> [What to work on] Once the images are set aside, output the listing exactly as it stands.

> [Data shown]
··········

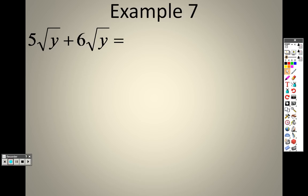We kind of discussed this one already — 5 to the square root of y and 6 to the square root of y. When we come back, I'll just put that last little section in quick, which will probably only be another minute, and we will finish up when we come back on 7.2.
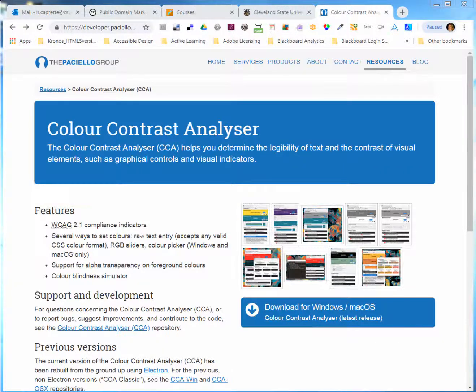This tutorial will take a look at Color Contrast Analyzer version 1.1, which is a very useful program developed by the Paciello Group. It will check the color contrast of any document or site open on your screen to see if the text and elements against the background color meet Web Content Accessibility Guidelines version 2.1.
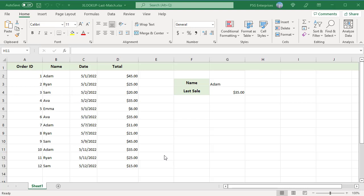Sometimes you have several occurrences of the lookup value. For example, we have several occurrences of Adam in the name column.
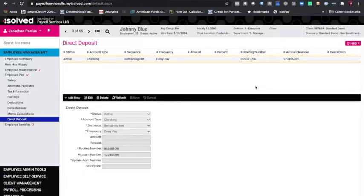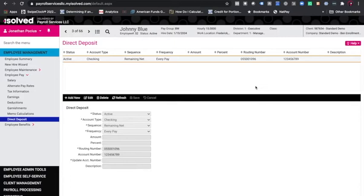In this tutorial, we are going to show you how to change a direct deposit and to inactivate it. It is always best practice to inactivate the direct deposit and never change it.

··········

> [Answer section]
We kind of discussed this one already — 5 to the square root of y and 6 to the square root of y. When we come back, I'll just put that last little section in quick, which will probably only be another minute, and we will finish up when we come back on 7.2.
This tutorial will take a look at Color Contrast Analyzer version 1.1, which is a very useful program developed by the Paciello Group. It will check the color contrast of any document or site open on your screen to see if the text and elements against the background color meet Web Content Accessibility Guidelines version 2.1.
Sometimes you have several occurrences of the lookup value. For example, we have several occurrences of Adam in the name column.
In this tutorial, we are going to show you how to change a direct deposit and to inactivate it. It is always best practice to inactivate the direct deposit and never change it.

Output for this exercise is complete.